The line clicked dead. The silence returned, but this time it was a chaotic, ringing silence, filled with the wreckage of Tony's entire moral framework. He stood there, phone still in hand, staring at Lionel, his face a mask of abject, terror-stricken bewilderment.
"Whatever... whatever you need," Tony whispered, the words tasting like ash and humiliation. The perversion had won. The priest, the Church, his own convictions—they had all crumbled, yielding instantly to the immediate, terrifying threat of losing his son forever. "Tell me, Lionel. Tell me what it is. I'll give it to you. I'll... I'll help you with it. Whatever it is. Just... just talk to me. Don't look at me like that again, please."
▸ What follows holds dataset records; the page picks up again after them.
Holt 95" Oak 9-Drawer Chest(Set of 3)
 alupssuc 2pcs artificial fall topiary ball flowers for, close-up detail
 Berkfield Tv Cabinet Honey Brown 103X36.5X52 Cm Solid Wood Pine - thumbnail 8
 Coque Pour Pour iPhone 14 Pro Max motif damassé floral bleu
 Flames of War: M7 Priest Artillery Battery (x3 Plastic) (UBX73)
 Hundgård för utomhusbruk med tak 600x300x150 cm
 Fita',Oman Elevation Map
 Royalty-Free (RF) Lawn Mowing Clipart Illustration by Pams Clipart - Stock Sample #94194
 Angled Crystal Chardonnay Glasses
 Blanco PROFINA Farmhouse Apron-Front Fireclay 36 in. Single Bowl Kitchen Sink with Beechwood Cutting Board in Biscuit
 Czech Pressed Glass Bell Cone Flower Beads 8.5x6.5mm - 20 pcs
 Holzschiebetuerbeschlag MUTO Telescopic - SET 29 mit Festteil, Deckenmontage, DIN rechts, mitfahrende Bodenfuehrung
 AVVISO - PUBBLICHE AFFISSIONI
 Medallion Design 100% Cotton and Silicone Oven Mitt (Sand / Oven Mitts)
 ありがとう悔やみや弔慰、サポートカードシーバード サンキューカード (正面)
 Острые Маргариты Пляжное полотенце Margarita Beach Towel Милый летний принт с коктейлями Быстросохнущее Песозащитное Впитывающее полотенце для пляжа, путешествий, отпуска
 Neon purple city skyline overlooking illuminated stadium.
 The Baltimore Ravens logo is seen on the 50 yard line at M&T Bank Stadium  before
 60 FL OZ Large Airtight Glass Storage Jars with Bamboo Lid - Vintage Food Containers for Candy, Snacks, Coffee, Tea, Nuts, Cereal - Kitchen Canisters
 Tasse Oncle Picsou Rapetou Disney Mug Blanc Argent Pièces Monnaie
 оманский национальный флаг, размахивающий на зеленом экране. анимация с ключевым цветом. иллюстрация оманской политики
He was utterly defeated, his moral sword dropped and rattling on the floor. He was ready to enable the very perversion he had just denounced, his soul screaming in confused, horrified submission. He looked at Lionel, waiting for the word that would seal his own damnation, desperate only for the warmth of his son's gaze to return.
“I want to fellate you, Dad,” Lionel said.
A tear ran down Tony’s cheek. He no longer hesitated, realizing that he had no choice if he wanted to save his son. He began undoing his belt as he prepared to lower his pants. He was going to give Lionel what he wanted. What he needed.